Autour du point d'accès de TSF, je rencontre quelques personnes qui tentent d'échapper au soleil. Ils s'abritent sous un petit abri et sortent leurs téléphones pour accéder au Wi-Fi gratuit. Certains appellent, d'autres envoient des SMS, d'autres encore naviguent sur les réseaux sociaux. Je leur demande si je peux prendre une photo : ils acceptent, sourient.
Je profite de l'occasion pour leur parler de la connexion. Ils me disent que c'est très utile, ils ont besoin d'être connectés : Que ce soit pour rester en contact avec leur famille ou s'informer. L'un d'eux me dit merci. Lors de cet échange, je comprends mieux que jamais, combien cette connexion est importante pour ces demandeurs d’asile. Leur situation est déjà si précaire : les isoler du monde extérieur ne ferait que l'aggraver. Ce lien avec leur famille et le monde extérieur les aide à rester à flots.
Avant de repartir, je m'approche de la tente d'une femme et lui demande si elle a le temps de parler un peu. Elle acquiesce et m'invite à entrer dans la tente pour que je puisse moi aussi m’abriter du soleil. Elle s'appelle Fatimada, sa sœur et son neveu vivent avec elle dans la tente. Arrivée en Grèce en mai 2020, elle a fui la violence au Congo. Au début, elle était à Moria, puis a été déplacée à Mavrovouni. "J'avais tellement de peur car je ne voulais pas être séparée de ma sœur et de mon neveu mais nous avons réussi à rester ensemble. Nous nous aidons mutuellement. Je ne sais pas si je pourrais m'en sortir seule". Nous parlons des conditions de vie dans le camp et de l’aide apportée par la connexion de TSF "Nous ne faisons rien ici. Je veux travailler. Je veux vivre. Je veux faire quelque chose. Et c'est pourquoi il est important d'avoir internet. Parce que cela nous permet d'être en contact avec nos amis et notre famille. Ma sœur est ici mais le reste de ma famille est au Congo et je m'inquiète pour eux, ils s'inquiètent pour moi. Avec internet, je peux leur envoyer des messages et leur dire que je vais bien. Donc, merci pour la connexion, elle nous aide. Sinon, nous deviendrions fous. Les gens devraient voir comment est la situation à l'intérieur du camp". Elle dit qu'elle n'a pas d'enfants et qu'elle ne souhaite pas mettre un enfant au monde. "Pourquoi ? Ce ne sont pas des conditions pour des enfants ; c’est déjà difficile pour les adultes, alors surtout pas pour les enfants." Le regard fatigué, elle se plaint, elle est désespérée et en colère.

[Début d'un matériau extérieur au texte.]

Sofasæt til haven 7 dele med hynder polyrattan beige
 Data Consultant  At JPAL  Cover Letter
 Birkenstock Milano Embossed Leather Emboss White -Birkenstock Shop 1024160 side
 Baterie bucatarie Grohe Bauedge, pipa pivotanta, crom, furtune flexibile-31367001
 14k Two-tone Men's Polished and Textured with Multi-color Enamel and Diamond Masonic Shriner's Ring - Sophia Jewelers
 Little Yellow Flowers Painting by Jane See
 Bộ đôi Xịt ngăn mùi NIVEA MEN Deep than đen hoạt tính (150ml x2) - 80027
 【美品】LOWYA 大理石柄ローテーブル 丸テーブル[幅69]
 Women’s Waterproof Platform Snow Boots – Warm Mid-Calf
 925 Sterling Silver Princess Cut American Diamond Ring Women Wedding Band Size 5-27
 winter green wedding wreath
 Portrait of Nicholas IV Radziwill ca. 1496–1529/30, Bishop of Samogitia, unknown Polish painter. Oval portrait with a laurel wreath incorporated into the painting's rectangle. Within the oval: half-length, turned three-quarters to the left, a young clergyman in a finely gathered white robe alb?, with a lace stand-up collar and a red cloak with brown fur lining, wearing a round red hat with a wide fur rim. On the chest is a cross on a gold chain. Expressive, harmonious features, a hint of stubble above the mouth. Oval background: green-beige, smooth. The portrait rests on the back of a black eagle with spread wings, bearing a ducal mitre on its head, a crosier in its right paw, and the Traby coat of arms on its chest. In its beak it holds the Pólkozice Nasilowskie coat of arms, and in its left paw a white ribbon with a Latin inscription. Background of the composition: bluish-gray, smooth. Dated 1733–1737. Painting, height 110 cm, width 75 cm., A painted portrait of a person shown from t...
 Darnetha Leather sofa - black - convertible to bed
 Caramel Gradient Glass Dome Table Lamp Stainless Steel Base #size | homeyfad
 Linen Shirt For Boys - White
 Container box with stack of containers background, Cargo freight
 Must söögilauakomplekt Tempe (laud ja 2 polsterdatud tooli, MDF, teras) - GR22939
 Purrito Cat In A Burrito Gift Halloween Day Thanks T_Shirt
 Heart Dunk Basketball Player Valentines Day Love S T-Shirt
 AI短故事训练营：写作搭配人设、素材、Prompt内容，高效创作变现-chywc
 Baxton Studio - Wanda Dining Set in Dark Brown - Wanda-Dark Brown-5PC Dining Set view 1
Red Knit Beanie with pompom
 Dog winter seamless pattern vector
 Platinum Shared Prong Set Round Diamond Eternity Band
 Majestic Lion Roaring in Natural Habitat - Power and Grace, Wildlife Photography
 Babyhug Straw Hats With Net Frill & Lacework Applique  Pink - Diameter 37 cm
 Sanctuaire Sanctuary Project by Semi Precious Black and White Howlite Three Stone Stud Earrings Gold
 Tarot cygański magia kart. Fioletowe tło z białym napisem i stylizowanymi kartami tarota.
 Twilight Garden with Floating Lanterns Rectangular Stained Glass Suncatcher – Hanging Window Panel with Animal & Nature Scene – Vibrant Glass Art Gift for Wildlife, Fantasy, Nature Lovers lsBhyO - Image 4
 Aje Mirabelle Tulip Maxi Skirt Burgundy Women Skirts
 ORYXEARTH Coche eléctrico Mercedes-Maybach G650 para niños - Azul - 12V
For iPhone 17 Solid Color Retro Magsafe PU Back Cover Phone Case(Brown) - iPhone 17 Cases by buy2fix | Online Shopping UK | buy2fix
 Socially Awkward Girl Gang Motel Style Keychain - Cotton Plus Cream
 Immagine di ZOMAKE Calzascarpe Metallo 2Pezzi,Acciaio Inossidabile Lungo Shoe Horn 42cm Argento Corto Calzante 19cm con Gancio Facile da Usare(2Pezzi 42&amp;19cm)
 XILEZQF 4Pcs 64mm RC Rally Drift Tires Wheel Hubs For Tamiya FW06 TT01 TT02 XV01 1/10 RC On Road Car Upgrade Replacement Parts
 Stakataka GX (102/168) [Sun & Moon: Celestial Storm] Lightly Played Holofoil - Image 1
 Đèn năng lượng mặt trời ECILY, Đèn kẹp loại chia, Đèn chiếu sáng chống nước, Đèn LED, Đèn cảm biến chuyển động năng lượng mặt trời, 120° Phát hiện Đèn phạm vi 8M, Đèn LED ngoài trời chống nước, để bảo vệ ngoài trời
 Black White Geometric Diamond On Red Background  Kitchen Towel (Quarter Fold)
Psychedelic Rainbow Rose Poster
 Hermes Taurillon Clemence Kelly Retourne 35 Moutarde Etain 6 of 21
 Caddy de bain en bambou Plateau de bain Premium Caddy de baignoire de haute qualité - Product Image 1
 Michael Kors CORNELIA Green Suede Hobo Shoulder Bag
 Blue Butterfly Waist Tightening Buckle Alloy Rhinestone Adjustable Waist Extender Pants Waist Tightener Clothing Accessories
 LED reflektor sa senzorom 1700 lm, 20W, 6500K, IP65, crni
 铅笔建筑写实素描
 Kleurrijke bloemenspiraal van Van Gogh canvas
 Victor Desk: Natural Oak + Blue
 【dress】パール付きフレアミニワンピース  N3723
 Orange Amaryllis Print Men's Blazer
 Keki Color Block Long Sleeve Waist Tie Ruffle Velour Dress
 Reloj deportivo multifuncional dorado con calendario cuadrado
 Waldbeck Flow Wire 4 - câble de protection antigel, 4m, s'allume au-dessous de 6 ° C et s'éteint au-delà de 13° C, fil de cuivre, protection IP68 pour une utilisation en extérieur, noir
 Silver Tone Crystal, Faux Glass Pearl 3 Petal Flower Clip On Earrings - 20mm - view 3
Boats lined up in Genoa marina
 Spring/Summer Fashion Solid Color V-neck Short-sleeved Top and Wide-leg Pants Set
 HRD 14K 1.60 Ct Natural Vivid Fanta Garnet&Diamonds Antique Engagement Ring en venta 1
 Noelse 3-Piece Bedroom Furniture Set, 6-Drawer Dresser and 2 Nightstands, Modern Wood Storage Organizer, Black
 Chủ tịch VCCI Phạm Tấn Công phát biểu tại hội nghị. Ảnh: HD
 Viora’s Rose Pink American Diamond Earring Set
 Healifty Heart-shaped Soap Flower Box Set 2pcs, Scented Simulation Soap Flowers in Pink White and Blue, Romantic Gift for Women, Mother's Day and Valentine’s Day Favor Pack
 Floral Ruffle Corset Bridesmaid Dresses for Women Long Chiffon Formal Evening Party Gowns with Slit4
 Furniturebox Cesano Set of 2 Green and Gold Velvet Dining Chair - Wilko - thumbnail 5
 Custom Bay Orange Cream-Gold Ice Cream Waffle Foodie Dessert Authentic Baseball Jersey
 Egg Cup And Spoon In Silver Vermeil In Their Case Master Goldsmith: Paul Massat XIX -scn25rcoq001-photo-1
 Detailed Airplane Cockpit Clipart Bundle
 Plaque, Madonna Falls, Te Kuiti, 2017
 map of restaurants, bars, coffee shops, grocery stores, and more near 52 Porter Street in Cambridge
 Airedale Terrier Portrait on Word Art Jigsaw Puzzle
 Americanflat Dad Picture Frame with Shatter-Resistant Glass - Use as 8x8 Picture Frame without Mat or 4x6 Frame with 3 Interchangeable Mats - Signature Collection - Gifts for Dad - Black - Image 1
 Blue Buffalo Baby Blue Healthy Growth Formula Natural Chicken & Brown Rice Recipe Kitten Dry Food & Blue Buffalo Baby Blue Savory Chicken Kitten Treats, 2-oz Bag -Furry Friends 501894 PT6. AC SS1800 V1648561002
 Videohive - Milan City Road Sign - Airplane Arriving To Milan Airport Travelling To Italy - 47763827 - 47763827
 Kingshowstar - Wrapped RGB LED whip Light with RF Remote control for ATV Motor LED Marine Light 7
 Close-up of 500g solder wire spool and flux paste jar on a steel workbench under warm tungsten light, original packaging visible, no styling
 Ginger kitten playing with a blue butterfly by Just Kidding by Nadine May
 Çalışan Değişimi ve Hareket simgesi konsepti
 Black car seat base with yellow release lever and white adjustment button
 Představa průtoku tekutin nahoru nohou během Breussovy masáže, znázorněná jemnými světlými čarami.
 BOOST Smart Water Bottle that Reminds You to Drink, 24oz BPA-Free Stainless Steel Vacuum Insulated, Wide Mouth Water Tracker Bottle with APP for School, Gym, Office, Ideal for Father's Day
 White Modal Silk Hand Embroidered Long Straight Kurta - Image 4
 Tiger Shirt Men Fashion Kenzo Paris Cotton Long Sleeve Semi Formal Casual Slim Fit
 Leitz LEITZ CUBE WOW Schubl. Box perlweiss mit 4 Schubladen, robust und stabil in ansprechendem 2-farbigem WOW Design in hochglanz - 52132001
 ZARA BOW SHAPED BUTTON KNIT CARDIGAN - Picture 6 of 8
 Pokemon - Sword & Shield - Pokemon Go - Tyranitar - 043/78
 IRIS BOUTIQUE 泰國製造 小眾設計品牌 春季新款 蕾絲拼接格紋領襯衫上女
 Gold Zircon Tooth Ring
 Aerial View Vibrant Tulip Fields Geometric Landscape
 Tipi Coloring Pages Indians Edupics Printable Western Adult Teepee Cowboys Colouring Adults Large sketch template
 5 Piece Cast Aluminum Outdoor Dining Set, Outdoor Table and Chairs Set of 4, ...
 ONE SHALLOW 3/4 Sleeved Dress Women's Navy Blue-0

C'est ma première mission avec TSF et mon premier jour dans un camp de réfugiés. Je n'ai pas de mots pour apaiser Fatimada, néanmoins je suis en quelque sorte soulagée. Soulagée parce que la colère de Fatimada signifie qu'elle n'a pas abandonné. Elle signifie que même dans ce lieu aux antipodes de la vie, où une femme de 38 ans ne veut pas mettre au monde un enfant pour éviter une souffrance supplémentaire, il y a encore de l'espoir. Soulagée, car la connexion de TSF contribue à cet espoir, en agissant comme une bouée de secours pour des personnes comme Fatimada et les plus de 6000 autres dans sa situation. Elle les aide à ne pas abandonner, à rester connectés, à se sentir vivants.